Science writer Elizabeth Svoboda uses this story in her new book to try to answer the same question she poses in its title: What Makes a Hero? After scouring the available research, the San Jose, California-based Svoboda says she found several themes common to everyday heroism. Two of them were evident at the Marathon.
First, like Stavas and Hittinger, the people committing the selfless acts tend to have special abilities they can put to use during a crisis. And the confidence in those abilities is enough to override the potent countervailing phenomenon known as the “bystander effect,” where people fail to help a stranger in distress because they assume that someone else will.
Second, people are more likely to commit heroic acts if they tend to view others not as members of a different tribe but rather as members of the same human family. This theme emerged from research by political scientist Kristen Monroe into what distinguished those who intervened to aid Holocaust victims from those who simply stood by. Because the rescuers tended to see the victims as fellow human beings rather than focusing on their different religion or ethnicity, they were more motivated to intervene. Svoboda says they were also more likely to view their actions as normal rather than heroic.
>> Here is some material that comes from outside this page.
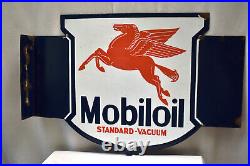 Vintage Pegasus Mobil Oil Standard-Vacuum Enamel Porcelain Sign Board Double Sid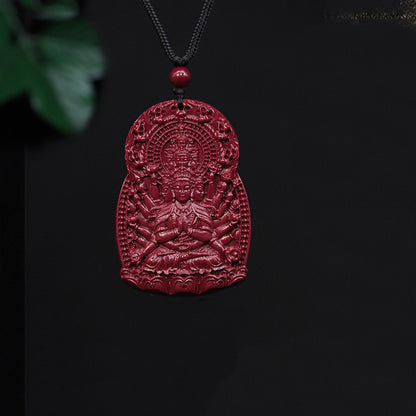 Exquisite Cinnabar Zodiac Guardian Buddha Pendants-Unique Spiritual Amulets with Intricate Carvings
“It’s how you’re built,” Hittinger says. “I became a tough guy growing up because I didn’t like bullies. I beat up the bullies so they wouldn’t pick on other kids.”
For many who intervene, a fear bigger than personal injury helps motivate them into action: If they failed to act, how heavy would the guilt be? When Svoboda asked the paralyzed sky-dive instructor if he’d make the same decision again, he said: “Absolutely. I just did what needed to be done.”
That response is nearly identical to how Marshall explains his decision to run toward danger. “I was just doing what I had to do,” he says.
Hittinger is even more succinct. “I had no choice.”